La Passione è l’unico motivo che mi ha spinto a creare questo blog. L’impegno è quello di gestirlo con sincerità e obiettività. Aspetto, quest’ultimo, che, se fossi stipendiato, probabilmente verrebbe a mancare. E queste stesse ragioni ho ravvisato nei blogger i cui siti trovate linkati qui su B&N. Anche se qualcuno di loro, restando in tema, ultimamente sta attraversando il cosiddetto periodaccio… (dal quale spero possano tornare più forti di prima).
Ma, la domanda chiave è la numero 3. Di cosa lo nutrirò, venendo meno la materia prima o la volontà di andarsela a cercare qualora non mi venga servita su un vassoio d’argento?
Sicuramente sono contrario al post a tutti i costi. Agli articoli senza spina dorsale buttati lì solo per mandare avanti la baracca. Quelli fanno più danni che altro. Ma sono anche contrario ad arrendersi e a prendersi la pausa di riflessione, tranne, come ho già detto, in presenza di problemi di vita vera.
Lasciar morire lentamente le proprie passioni non è mai piacevole.
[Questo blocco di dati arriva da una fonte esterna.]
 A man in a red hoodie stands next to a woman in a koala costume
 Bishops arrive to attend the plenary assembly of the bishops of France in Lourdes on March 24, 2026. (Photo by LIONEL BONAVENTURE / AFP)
E io personalmente soffro a vedere blog che seguivo spegnersi. Perché, con le dovute cautele, sono presenze fisse del mio quotidiano. La mancanza si avverte, in un modo o nell’altro. Cosa resta? In un mondo dove, per la maggior parte, si discute degli stessi argomenti? Me stesso. La mia personalità.
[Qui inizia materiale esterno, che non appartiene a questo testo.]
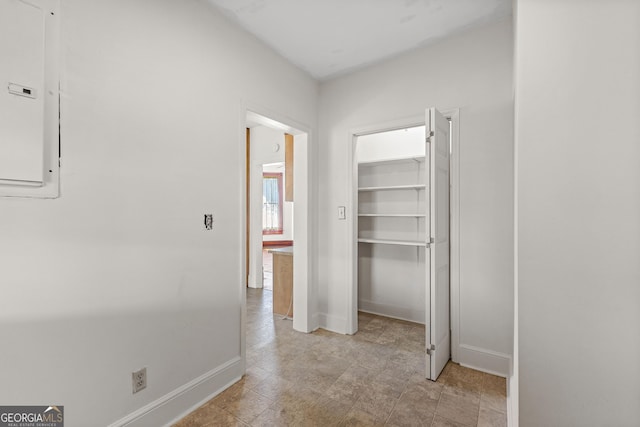 hallway with electric panel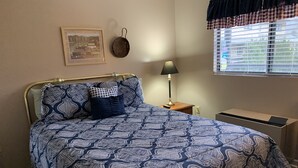 Una camera da letto con una coperta a motivi, un quadro appeso al muro, una lampada e una finestra con persiane.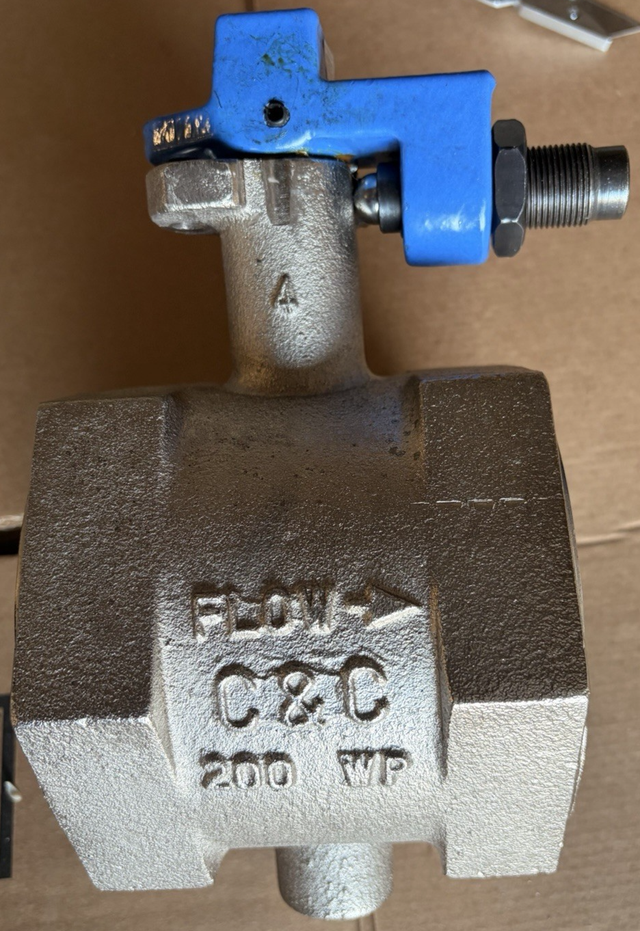 C&C 4-inch threaded butterfly valve from above: blue handle, black stem nut, FLOW and 200 WP cast on the body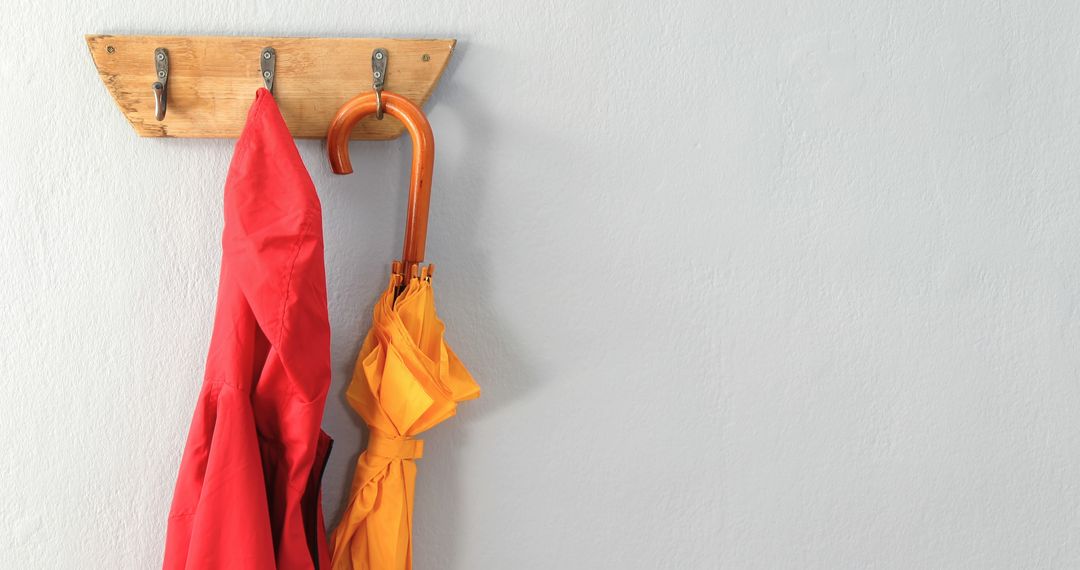 Red Jacket and Orange Umbrella Hanging on Rustic Wooden Hook - Free Images, Stock Photos and Pictures on Pikwizard.com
Credo, in definitiva, che anche a parità di argomenti, sia la personalità che traspare da essi che fa la differenza e che deve mantenerli in vita, più che la bacheca su Facebook. Dalla personalità non si sfugge. Personality goes a long way, come diceva Jules a Vincent in Pulp Fiction.
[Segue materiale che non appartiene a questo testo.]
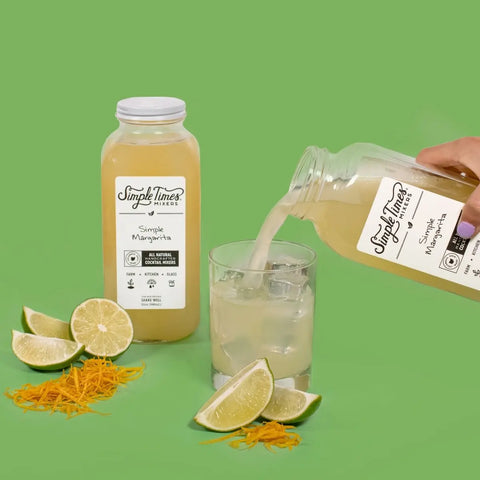 A bottle of Simple Times Mixers Simple Margarita is poured over ice in a glass, surrounded by fresh lime wedges and blood orange zest on a green background, with another Simple Margarita bottle standing upright nearby.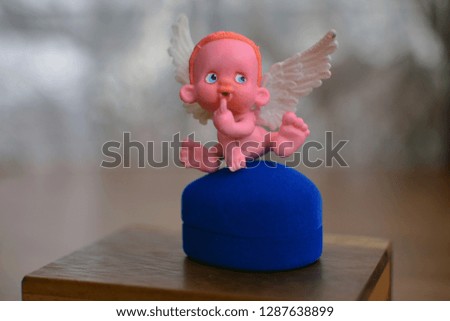 a small figure of an angel sitting on or near a blue jewelry box close up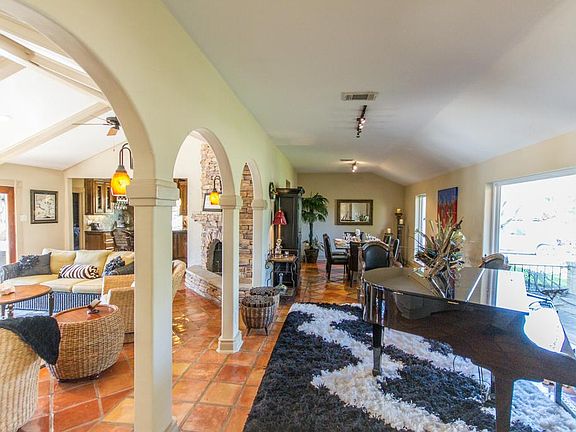 Homeowners raised the once sunken music and dining room floors and added title.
Quella è l’unica alternativa alla piatta uguaglianza. E credetemi, conta davvero. Preferirei di gran lunga leggere mille articoli trattanti lo stesso tema dai quali traspare l’unicità del loro autore, piuttosto che altrettanti, tutti diversi e tutti ugualmente vuoti e senz’anima.
Per dovere di cronaca, mentre scrivevo quest’articolo è arrivata una precisazione di Matteo Poropat:
E’ sicuramente utile allo spettatore avere più punti di vista che, se simili, contribuiscono a rafforzare l’idea che quel parere sia più possibile oggettivo.
Inutile aggiungere che mi trova assolutamente d’accordo.